Joanna stepped closer, lowering her voice to an even more terrifying hiss, doing her best to maintain control. “You don’t deserve loyalty when you’re hurting people, Jonathan.”

“Hurting?” he crowed, making no effort to keep his voice down. “Do you want to talk about hurt? Do you know what I’ve lost because of this? My clients, my career, my company, probably my house, my—”

“Those are things, Jonathan. Things!” Lucy cut in, shocked to hear the sound of her own voice. It came crying out from the outrage rippling inside her, and she could not stop it. “Do you know what we’ve lost because of this—because of you? Dignity, self-worth, our sense of security. All because you thought you had some right to—”

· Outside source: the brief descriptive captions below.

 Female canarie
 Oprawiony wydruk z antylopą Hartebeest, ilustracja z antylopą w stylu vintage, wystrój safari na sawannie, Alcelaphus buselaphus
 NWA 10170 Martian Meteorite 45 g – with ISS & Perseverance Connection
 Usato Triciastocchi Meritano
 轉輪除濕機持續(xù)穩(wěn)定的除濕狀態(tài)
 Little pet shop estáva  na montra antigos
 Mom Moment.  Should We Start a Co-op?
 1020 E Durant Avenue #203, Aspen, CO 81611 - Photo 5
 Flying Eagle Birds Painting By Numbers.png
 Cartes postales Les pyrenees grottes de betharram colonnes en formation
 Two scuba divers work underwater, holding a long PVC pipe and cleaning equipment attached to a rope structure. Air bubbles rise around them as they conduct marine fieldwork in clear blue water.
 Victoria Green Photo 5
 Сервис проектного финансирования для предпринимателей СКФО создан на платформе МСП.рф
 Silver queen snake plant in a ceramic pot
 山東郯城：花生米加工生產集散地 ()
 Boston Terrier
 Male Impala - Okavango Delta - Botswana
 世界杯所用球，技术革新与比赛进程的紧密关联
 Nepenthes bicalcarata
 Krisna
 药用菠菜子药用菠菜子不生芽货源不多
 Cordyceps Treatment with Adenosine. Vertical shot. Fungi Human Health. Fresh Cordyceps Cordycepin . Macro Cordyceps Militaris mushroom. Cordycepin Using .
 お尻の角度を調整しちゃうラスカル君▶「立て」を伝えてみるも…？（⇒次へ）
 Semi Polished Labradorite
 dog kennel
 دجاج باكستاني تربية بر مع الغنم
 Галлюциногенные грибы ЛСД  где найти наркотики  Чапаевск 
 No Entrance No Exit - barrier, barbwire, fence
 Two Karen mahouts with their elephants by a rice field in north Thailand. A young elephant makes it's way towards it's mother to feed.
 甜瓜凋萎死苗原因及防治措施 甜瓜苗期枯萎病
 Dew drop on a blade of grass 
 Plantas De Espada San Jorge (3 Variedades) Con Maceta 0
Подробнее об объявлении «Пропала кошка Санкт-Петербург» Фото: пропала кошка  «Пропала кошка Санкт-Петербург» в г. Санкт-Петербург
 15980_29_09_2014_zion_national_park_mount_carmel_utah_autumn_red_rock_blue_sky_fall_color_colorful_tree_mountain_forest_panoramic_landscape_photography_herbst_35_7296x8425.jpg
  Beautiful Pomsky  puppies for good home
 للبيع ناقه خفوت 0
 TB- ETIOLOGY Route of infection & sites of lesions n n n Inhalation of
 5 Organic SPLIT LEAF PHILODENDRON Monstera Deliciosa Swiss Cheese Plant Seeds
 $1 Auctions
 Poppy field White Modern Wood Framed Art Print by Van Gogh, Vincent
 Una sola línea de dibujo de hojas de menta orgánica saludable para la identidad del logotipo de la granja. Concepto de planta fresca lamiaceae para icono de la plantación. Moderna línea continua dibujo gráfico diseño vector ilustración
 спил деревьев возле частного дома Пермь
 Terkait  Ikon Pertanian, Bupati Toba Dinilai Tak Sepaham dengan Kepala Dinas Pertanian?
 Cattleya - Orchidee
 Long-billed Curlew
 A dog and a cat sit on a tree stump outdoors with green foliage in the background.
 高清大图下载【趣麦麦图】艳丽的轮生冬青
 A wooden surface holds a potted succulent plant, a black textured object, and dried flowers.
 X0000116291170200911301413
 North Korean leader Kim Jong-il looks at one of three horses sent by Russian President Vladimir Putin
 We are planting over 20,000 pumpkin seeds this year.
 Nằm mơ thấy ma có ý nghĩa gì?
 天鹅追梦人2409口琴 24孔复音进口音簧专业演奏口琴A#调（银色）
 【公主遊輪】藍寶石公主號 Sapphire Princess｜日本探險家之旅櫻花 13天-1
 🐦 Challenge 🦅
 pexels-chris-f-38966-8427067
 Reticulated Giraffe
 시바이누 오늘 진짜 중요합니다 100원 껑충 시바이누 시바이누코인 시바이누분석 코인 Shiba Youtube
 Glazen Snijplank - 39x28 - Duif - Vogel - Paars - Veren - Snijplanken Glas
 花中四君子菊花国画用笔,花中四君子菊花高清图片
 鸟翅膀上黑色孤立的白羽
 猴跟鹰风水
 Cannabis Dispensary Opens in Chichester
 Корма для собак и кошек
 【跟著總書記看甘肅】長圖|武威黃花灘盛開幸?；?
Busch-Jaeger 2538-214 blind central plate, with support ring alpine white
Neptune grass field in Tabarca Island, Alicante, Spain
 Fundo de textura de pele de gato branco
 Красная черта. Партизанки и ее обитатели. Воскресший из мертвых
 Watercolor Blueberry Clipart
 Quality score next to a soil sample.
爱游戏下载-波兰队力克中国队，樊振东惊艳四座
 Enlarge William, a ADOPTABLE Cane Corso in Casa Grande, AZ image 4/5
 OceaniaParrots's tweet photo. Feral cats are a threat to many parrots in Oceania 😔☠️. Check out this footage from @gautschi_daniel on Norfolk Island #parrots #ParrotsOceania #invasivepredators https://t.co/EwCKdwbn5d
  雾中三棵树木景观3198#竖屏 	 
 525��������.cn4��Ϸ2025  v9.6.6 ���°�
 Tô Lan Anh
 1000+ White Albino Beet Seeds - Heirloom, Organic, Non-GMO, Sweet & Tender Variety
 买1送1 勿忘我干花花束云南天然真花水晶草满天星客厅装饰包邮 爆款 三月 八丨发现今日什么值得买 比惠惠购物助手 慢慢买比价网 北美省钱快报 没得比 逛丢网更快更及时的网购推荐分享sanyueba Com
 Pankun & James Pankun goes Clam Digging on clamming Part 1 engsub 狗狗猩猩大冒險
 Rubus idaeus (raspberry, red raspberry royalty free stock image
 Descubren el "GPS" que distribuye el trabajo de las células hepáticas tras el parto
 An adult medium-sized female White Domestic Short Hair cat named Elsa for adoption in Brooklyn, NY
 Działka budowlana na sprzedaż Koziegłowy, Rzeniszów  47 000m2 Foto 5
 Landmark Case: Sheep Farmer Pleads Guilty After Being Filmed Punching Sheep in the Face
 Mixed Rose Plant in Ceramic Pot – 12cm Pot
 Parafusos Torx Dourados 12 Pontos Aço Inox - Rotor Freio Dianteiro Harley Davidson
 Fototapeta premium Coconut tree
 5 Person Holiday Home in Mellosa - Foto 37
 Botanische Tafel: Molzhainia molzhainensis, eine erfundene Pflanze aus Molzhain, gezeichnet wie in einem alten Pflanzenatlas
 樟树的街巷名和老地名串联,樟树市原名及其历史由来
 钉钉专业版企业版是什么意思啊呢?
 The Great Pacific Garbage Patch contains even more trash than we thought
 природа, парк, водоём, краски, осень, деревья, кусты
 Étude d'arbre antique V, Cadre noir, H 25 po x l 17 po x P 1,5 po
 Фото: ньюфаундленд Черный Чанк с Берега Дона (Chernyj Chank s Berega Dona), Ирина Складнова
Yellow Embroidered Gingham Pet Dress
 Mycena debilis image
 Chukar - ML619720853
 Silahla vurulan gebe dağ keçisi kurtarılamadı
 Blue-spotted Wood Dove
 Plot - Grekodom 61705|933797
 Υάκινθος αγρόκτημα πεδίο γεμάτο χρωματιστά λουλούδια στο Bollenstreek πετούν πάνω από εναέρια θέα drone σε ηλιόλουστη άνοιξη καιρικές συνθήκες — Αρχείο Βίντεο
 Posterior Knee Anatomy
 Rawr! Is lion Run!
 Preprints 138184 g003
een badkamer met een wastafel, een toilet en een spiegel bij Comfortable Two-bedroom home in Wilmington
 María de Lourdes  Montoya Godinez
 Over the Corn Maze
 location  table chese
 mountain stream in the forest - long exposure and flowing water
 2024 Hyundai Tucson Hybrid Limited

“Shut up!” he barked, and Lucy jumped. His usually passive intimidation tactics erupted into action. The reserve he always showed in his office vanished. He stepped toward her like he wanted to strangle her, a vein pulsing in his forehead and his hand like a claw. “This is all your fault. You should have taken the money and kept your mouth shut, you little—”

A flying fist cut off his final word. A fist decorated in silver rings and chipped black nail polish.

The rooftop collectively gasped, and if Lucy weren’t so shocked, she would have worried about someone pulling out a phone to take a video of Leo Ash’s latest scandal that she would have to clean up.

Jonathan stumbled and landed on his backside, arms sprawled to catch himself and an angry red welt in the shape of a signet ring bruising his cheekbone. He blinked in a daze as Leo stood over him. Lucy couldn’t tell if he was more shocked that he had been punched in the face or that he had been punched in the face by a rock star.

“Do not talk to Lucy like that,” Leo spat with an authority Lucy did not know he possessed. His jaw set hard, and his fist stayed clenched. Worry that he had injured his Grammy-winning hand on her behalf flitted through her mind, but she assured herself he could at least still sing if he had to give up the guitar. Though he didn’t look fazed at all. “I think it’s best that you leave now,” he rasped like an unreasonably attractive sheriff in a Western.

Jonathan crab-walked away from them, silent, and slowly got to his feet, holding his face and still looking confused. Watching him scurry away, pride obliterated, was perhaps the best birthday gift Leo could have given her.